When specific problems arrise in abdominal training (control etc) then I may spend more time on this area, but I do not usually feel it is warranted.

I found Mike Boyle to be knoledgeable but a bit harsh in his feelings about anyone who did not agree with his methods.



What does he feel that particular benefit of developing this muscle is over the rectus? Don't they do different things? Might it not be benefitial to develop both?

I'd have to say that at least in sport grappling, the rectus and hip flexors are worked extensively...


Wouldn't all of your ab muscles get worked pretty good in sparring?

Not really. A short blow is of no use in increasing tension in the abs.

I think the idea is that the transversus gets activated first in a lot of torso movements in sports, and acts as a brace for the spine and I think helps provide a good connection between the upper and lower body. Someone else could explain this better, I'm sure. As far as ab muscles goes, it's supposedly (according to Boyle, no pun intended) the one that really does function as a "natural weight belt" (as opposed to the rectus abdominus, which is only ever going to pull your upper body down towards your pelvis - hard to see how this would help stability, I suppose).

Sorry if that's not too clear.

I think that there are obviously cases in grappling where rectus and hip flexors are going to be used a lot - I'm thinking of a lot of movements in guard. I think it's worth remembering how 'weird' grappling is in terms of most other sports. Seriously, leaving out trick answers like "decathalon", how many sports in the Olympics have substantial and decisive action in more than one basic body position (e.g. sitting, standing, prone, supine, etc.). I can think of:

gymnastics, judo, wrestling and that's about it.

So it's worth remembering that someone who sees a bunch of people from track and field, football, basketball, soccer and a couple other sports might not really have all the answers for a sport as complex as grappling or NHB.

just another example of a guy jumping on the tva bandwagon along with chek and the other 'functional wobble board swiss ball stability gurus'

taking a principal that MAY apply in some limited situations in people with a pathology, DOES NOT mean that it will transfer to a healthy athlete.

would you train someone with a lower back injury like a healthy strong athlete? then why train a healthy athlete as if they have an injury?

I  read somewhere that in normal healthy people the TVA is activated just moving your legs like walking.

In addition there is a section in the book Low Back Disorders(McGill) that goes over the TVA for stability issue.
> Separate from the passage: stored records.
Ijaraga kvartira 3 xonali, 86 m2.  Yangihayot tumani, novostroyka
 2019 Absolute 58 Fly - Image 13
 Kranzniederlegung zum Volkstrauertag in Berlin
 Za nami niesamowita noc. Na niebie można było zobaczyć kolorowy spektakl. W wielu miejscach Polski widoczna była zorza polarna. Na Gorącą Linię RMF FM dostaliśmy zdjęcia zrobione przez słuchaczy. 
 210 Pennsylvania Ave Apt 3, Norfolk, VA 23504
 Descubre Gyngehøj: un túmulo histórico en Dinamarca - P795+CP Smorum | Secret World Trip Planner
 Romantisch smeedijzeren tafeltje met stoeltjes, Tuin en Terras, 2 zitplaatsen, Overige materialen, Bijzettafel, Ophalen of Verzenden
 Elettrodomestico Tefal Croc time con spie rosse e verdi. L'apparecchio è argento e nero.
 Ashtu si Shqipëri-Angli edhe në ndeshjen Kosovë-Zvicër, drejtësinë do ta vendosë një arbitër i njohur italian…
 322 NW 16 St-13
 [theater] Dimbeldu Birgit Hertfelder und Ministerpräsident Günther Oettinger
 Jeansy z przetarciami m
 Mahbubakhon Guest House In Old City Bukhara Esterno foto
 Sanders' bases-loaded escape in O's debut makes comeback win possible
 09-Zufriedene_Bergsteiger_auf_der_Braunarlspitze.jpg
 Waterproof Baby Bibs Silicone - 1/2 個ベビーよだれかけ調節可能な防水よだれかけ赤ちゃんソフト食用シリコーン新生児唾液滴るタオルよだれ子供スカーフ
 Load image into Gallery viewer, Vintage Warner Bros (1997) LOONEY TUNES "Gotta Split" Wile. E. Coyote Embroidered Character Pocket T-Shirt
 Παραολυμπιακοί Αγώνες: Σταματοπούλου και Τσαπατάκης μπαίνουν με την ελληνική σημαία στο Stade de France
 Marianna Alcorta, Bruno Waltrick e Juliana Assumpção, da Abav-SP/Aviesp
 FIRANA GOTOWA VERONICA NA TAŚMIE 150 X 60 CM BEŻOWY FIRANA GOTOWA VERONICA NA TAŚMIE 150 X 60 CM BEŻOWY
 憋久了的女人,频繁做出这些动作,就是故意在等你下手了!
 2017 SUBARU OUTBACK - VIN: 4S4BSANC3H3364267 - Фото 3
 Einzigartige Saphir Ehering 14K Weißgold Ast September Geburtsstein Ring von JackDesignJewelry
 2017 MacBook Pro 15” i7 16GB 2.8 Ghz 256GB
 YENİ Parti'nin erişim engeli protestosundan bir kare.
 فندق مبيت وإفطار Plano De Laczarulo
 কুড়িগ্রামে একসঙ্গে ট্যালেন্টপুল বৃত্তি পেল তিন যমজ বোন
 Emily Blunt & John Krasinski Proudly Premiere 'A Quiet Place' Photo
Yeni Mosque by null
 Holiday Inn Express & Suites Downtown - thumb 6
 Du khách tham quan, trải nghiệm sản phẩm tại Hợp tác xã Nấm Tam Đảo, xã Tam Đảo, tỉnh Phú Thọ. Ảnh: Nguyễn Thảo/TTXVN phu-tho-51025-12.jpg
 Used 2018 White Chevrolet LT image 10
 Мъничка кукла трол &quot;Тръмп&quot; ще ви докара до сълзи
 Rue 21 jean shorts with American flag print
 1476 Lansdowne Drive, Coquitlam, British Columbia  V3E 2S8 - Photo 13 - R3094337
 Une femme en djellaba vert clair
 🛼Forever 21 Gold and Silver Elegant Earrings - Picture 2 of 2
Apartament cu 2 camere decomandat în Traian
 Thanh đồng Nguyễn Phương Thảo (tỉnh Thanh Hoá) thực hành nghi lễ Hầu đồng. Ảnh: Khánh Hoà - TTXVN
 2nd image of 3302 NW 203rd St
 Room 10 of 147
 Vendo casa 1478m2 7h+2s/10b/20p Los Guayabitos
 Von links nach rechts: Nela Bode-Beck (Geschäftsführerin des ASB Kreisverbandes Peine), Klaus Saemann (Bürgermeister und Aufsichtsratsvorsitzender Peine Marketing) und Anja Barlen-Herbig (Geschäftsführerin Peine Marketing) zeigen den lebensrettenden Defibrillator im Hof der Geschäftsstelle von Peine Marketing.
Basically "bracing" the abdomen is superior to "hollowing" it.as bracing activates 3 muscle groups - obliques inter/exter and TVA creating a true natural weight belt and stability.

The original study that most of the TVA ideas are based off only showed the in injured people there is impaired TVA function.

Where can I check out or get this book?


Do you ever rotate your torso in training? My abs are always sore after grappling - I think it's because they are getting worked.

The notion of 'bracing' rather than hollowing was mentioned in Boyle as an alternate philosophy. I think he rejected it in favor of 'hollowing' in order to isolate the transversus more and make sure that people really used it. I don't know if that's well founded.

As for the argument: "if unhealthy people benefit from it, healthy people shouldn't use it" - I don't know. I get a fair bit of quad activation walking up the stairs. Does that mean I shouldn't squat? Obviously there has to be more to the whole argument than that.

At any rate, it would be nice to see some evidence. I don't know, a statistically significant increase in med ball side throw for distance after a 12 weeks of doing crazy ab vacuums, or something. If anyone has the cites used to support this idea in the first place, or any other hard evidence on this stuff, I'd like to hear about it.

Now, I return you to your regularly scheduled "proof by assertion" session.

Jesus flipping Christ, it's Geoff too!